Follow-Up: my boost problem seems to be temperature related ...

I've been posting to this newsgroup about my intermittent boost problem and you have helped me to limit possible causes to BPC valve or it's control. Car is '99 9-3 FPT (185hp)

I'm reluctant to invest $200-250 in a part that may be functioning perfectly, so I haven't purchased new BPC valve yet. However, I have had enough time to develop a feeling that the lack of the boost is actually temperature related. It seems that when I drive engine hot It starts to lack the boost. When engine bay get's extremely hot, I loose all of the boost. Hotter the engine bay, lousier the boost. When I let it cool down in shadow for several hours, it works more or less fine again. Hot days seem to be worse than cool days. The worst day was when I drove engine hot, parked it under the prairie sun for 4 hours, and when it was time to go home I let it idle w/ A/C on for 5-10minutes to cool down interior while I was collecting my stuff. When I headed back home, I had no boost whatsoever.

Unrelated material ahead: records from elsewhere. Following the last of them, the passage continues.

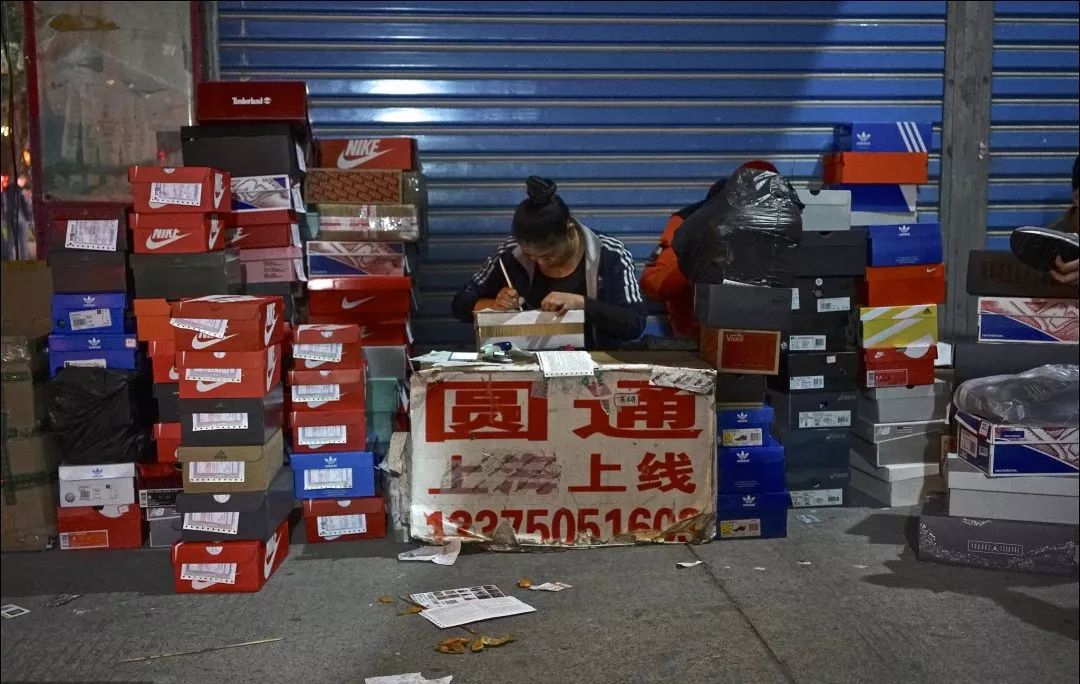 莆田的假鞋对应的是哪些品牌,莆田的假鞋都在哪里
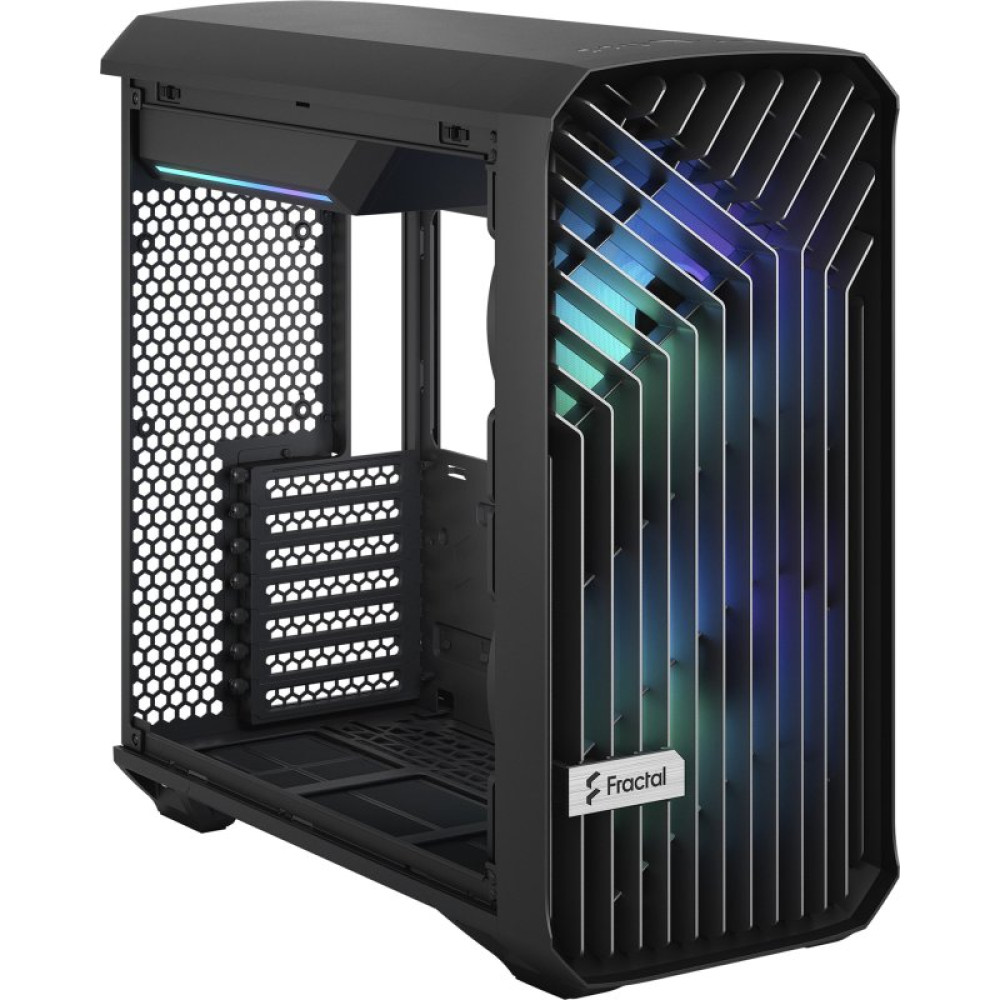 Корпус Fractal Design Torrent Compact RGB Black TG (FD-C-TOR1C-02)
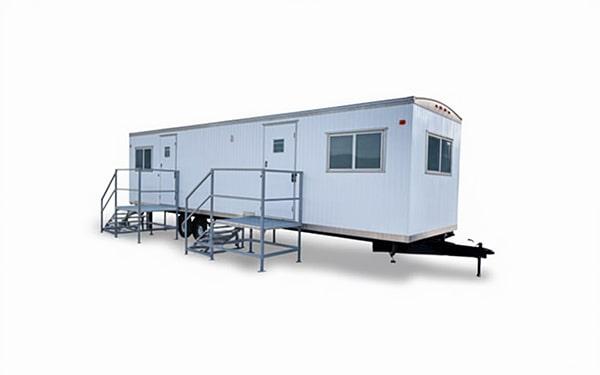 our construction office rentals can be customized to meet your unique requirements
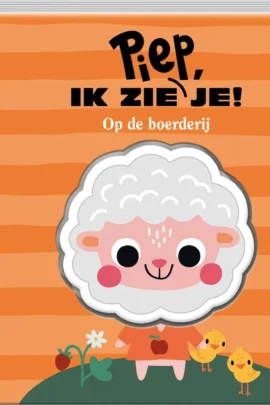 ik zie je! - Op de boerderij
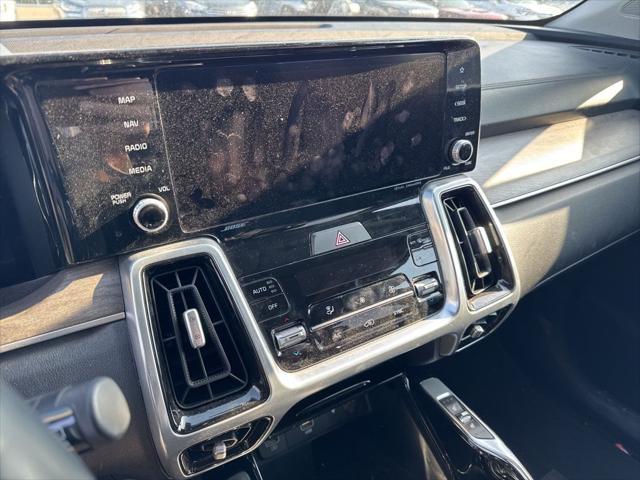 used 2022 Kia Sorento car, priced at $30,588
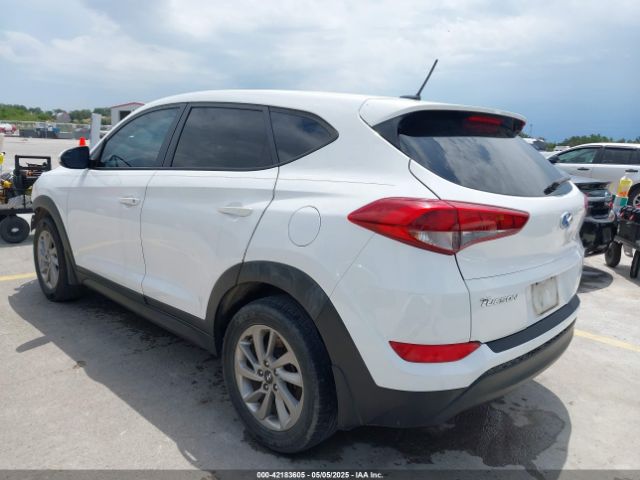 2016 HYUNDAI TUCSON KM8J23A47GU110897 Photo 2
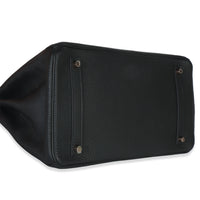 Black Togo Birkin 35 RGHW
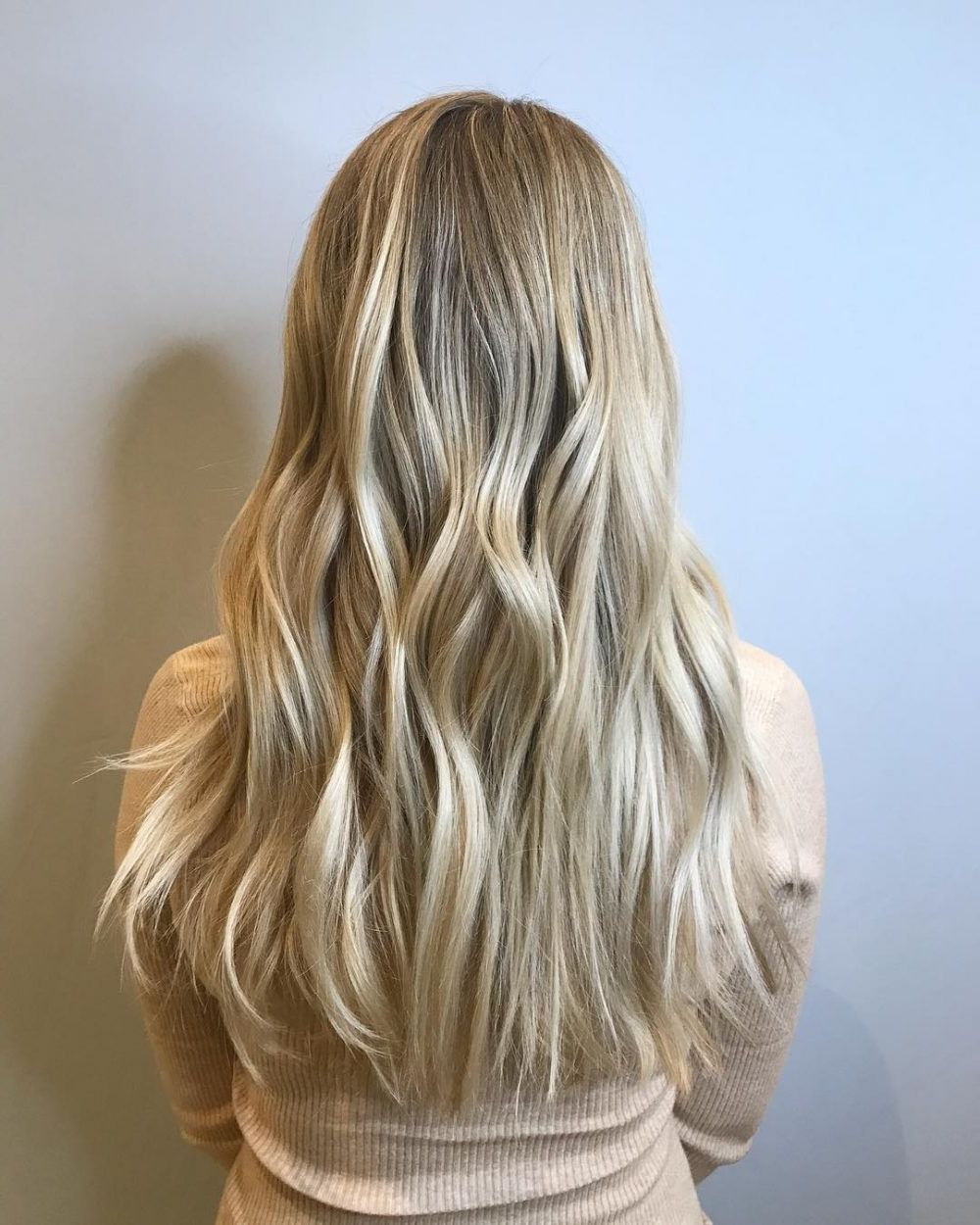 Well Known Sandy Blonde Hairstyles Inside 30 Top Long Blonde Hair Ideas – Bombshell Alert! (View 7 of 20)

So, now I'm thinking it is temperature related, and probably it is engine bay temperature that counts. When the problem appears, everything under the hood is hot, even BPC-valve almost burns my fingers. When I disconnect wastegate hose from BPC-valve, I get the boost back.

Can BPC-valve malfunction in such a manner that when it becomes hot, it becomes sticky and leaks pressure to wastegate actuator?

Or could one of the sensors start malfunctioning when hot, thus mislead engine electronics to think there is too much boost?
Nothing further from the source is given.